それは、日本の政府開発援助(ODA)にある。日本は戦後、侵略国のイメージをぬぐい去るため、東南アジアに巨額のODAをばらまいた。インドネシア向けODAは420億ドル(現在のレートで約4兆2600億円)に達する。インドネシアの鉄道・橋梁・道路・工業団地・学校の多くが日本のODAで作られた。フィリピン、ベトナム、マレーシアも同様だ。1990年代、日本のODA支援額は世界第1位だった。
日本は今回、東南アジア諸国との軍事的協力の強化にODAを活用すると決めた。安倍首相は「ODAで外国軍隊の支援はできない」という原則を年内に改正する方針だという。27日付朝日新聞が報じた。災害分野で外国軍を支援したいというのが、日本が掲げる名目だ。災害救助のため、ODAで軍用車両・輸送用船舶・航空機などを支援したいというわけだ。自衛隊を現地に派遣し、東南アジア諸国の軍隊に関連装備の運用技術を伝えることも計画している。

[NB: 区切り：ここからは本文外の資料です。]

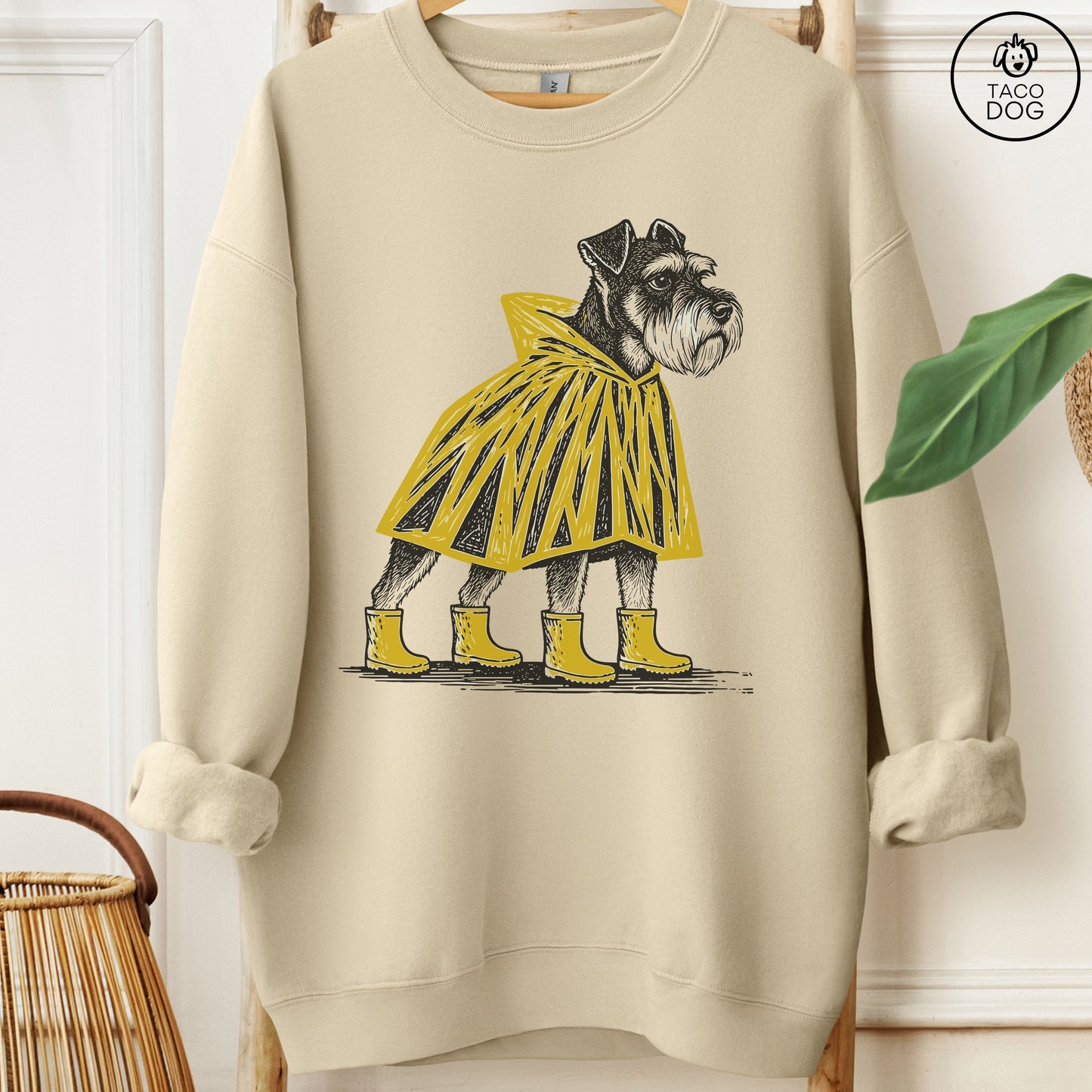 Schnauzer Poncho Sweatshirt Sand Taco-Dog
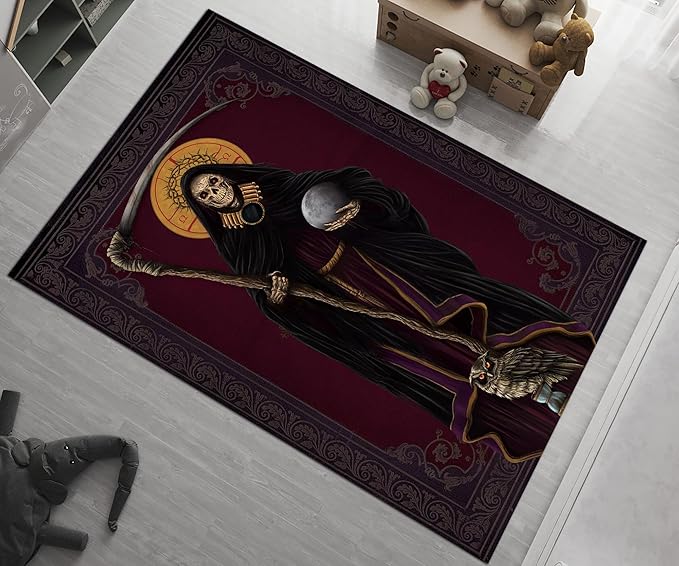 Santa Muerte Rug, Skull Design, Sugar Skull Carpet, Occult Art, Witch Wizard Rug, Wiccan Carpet, Pagan Decor, Room Decor, Gift for ws89 70X110inch//180x280Cm - sugar skull area rug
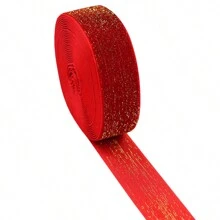 5 码/批圣诞丝带红色、绿色、黄色、亮丽新年天鹅绒丝带（无弹性）花环、礼品、包装、花圈、蝴蝶结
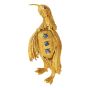 Vintage Sapphire 18K Gold Engraved Penguin Pin Brooch 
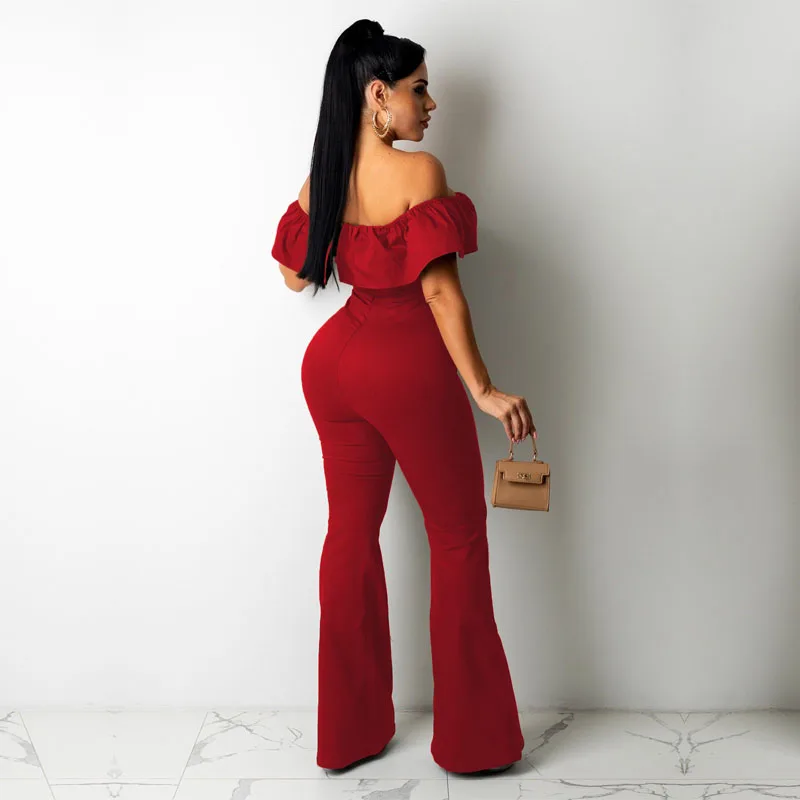 Fashion Ruffled One Shoulder Jumpsuit Women Solid High Waist Elastic Slim Fit Long Pants for Ladies Cocktail Birthday Party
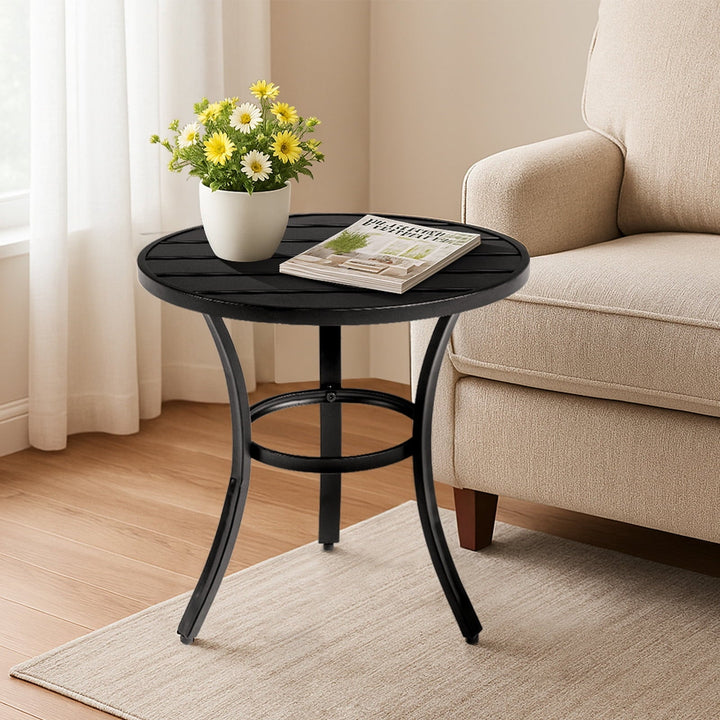 BAYUELSWU Outdoor Patio Bistro Table, 19.5 inch Round Patio Dining Table with Durable Weather-Resistant Frame for Backyard, Garden, Patio, Porch, Pool (Black)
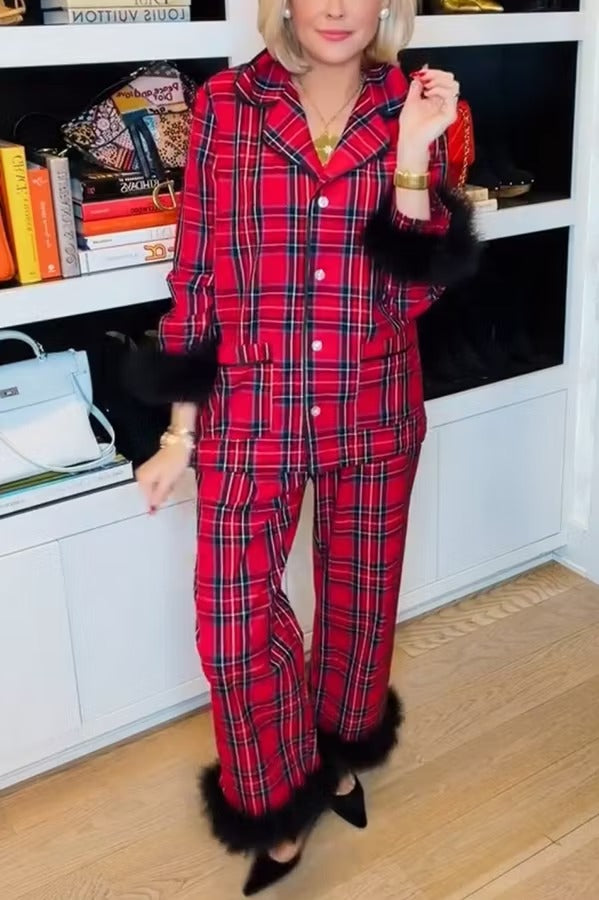 Holiday Time Plaid Contrast Feather Sleeve Pocket Shirt and Elastic Waist Pajama Set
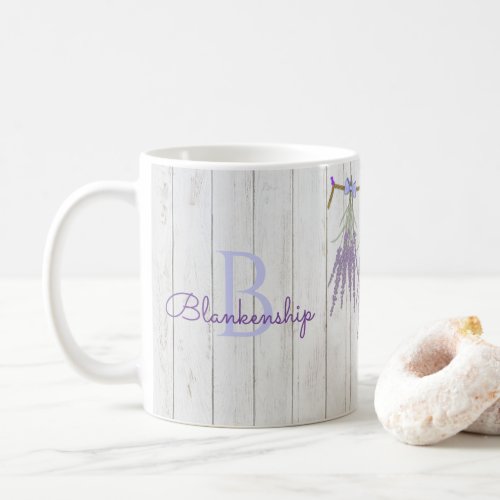 Rustic Lavender Flower Bundle Monogram Template Coffee Mug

「軍事分野解禁」はODAを利用した武器輸出も含んでいる。日本は最近、武器輸出禁止措置を解除した。朝日新聞は「武器輸出許容、集団的自衛権行使、ODAの軍事分野活用は、安倍首相の『安全保障三点セット』」と評価した。領土などをめぐって中国と対立している東南アジア諸国に対して軍事的支援を強化し、長期的には集団的自衛権を活用した軍事同盟の拡大まで狙っているという分析もある。既に日本は、ODAを利用してベトナムとフィリピンに巡視船の提供を決めた。
日本のこうした動きは、開発途上国の貧困対策というODAの趣旨そのものを薄めてしまう、という批判も出ている。日本は2000年代に入って、不景気を理由にODA関連予算を大幅に削減した。97年は1兆1687億円あった関連予算が、昨年は5502億円まで減った。支援額の規模でも、日本は米国、英国、ドイツ、フランスに次ぐ世界第5位へと後退した。また安倍首相は、ODAの支援対象を開発途上国以外の国にも拡大する方針だ。高速鉄道や原子力発電所の輸出にもODAを積極的に活用したいというわけだ。
日本の市民団体は「ただでさえ減っている開発途上国支援予算を安全保障や輸出に活用したら、ODAが骨抜きになりかねない」と批判した。